Datatamer / tamr-client

Programmatically interact with Tamr
https://tamr-client.readthedocs.io
Apache License 2.0
11 stars 25 forks source link

Remove `simplejson` as a dependency #455

Closed skalish closed 4 years ago

skalish commented 4 years ago

💬 RFC

simplejson is now the only dependency in this project whose build is machine-dependent (i.e. if you pip download on MacOS, the result cannot be used on Ubuntu). Additionally, to my knowledge it is only used to a very limited extent: to allow a toggle to ignore_nan values in the record update operation of tamr_unify_client. This means a record (as dictionary) containing at least one NaN that is upserted to Tamr with the client will cause an HTTPError if ignore_nan == True or will have this value coerced to null if ignore_nan == False.

  1. This dependency is not present in tamr_client, however, there are no plans to remove tamr_unify_client even after the official promotion of the BETA to the primary implementation. For this reason, I think it is important that simplejson be removed to ease the installation process.

  2. If it is decided that we remove this, the ignore_nan functionality needs to either be added in its place or be dropped as an unneeded feature. In the former case, it might also be prudent to add similar functionality to tamr_client.

Related to discussion and decisions in #194 and #209.

skalish commented 4 years ago

Regarding the suggestion to allow flexibility in passing other json_args https://github.com/Datatamer/tamr-client/pull/209#discussion_r307306802: while this is a good point, I am unaware of any cases where this functionality is being taken advantage of, but I have seen at least two cases where getting tamr-unify-client installed on a customer machine without access to the internet was quite painful.

pcattori commented 4 years ago

If the main issue is that including NaN will silently fail or fail downstream, we could use the allow_nan parameter of the built-in json.dumps function (setting allow_nan=False) to fail fast.

Then users can fix their records before passing them to TC functions with allow_nan=False.

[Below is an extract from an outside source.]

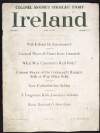 'Ireland: Volume I. Number 25. [Periodical]',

skalish commented 4 years ago

The original issue #194 was about including the option to ignore NaNs, that is, having tamr_client take care of the conversion from NaN to null if the user chooses. The allow_nan=False solution does avoid the original problematic behavior of downstream 400 errors, but this should be recognized as an intentional decision to no longer provide NaN->null functionality (which is relied upon by some field code, though I am unsure if any of it is still in use).